The University of Texas-Pan American officials joined South Texas representatives of the McDonald's Corporation Nov. 17 to announce the donation of $30,000 by McDonald's to the University to help establish a grassroots network of community-managed college recruiting centers, called Go Centers, in high schools across the Rio Grande Valley.
Go Centers are an outgrowth of the College for Texans campaign launched in 2002 by the Texas Higher Education Coordinating Board in an aggressive effort to ensure that more Texans go to college. The campaign aims to enroll an additional 500,000 academically prepared students by 2015 in Texas universities and community and technical colleges. Go Centers, managed by groups of collegiate and high school peer educators called the G-Force, provide college enrollment and financial aid information, resources and technical assistance to students and parents.

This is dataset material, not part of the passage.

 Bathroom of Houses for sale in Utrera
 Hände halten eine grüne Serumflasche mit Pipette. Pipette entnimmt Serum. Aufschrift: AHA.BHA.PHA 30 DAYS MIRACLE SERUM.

Several Valley McDonald's owners/operators and UTPA collegiate G-Force students as well as high school G-Force members from Hidalgo High School and BETA (Business Education and Technology Academy) were also guests at the ceremony.
"Today we are celebrating an extraordinary partnership with an extraordinary company," said Cárdenas, who described McDonald's as one of the most responsible, socially conscious corporations in the country.
Cárdenas described how higher education changed her life and encouraged students to be determined to continue their education beyond high school.
"The universities in the state of Texas are here to enable you - the students - to make your dreams a reality, to change the world, to make it better. Go wherever you want to go. Just focus and say that is where I am going," she said. "Today, we start a new partnership to take this message of hope and this message of focus to our high schools."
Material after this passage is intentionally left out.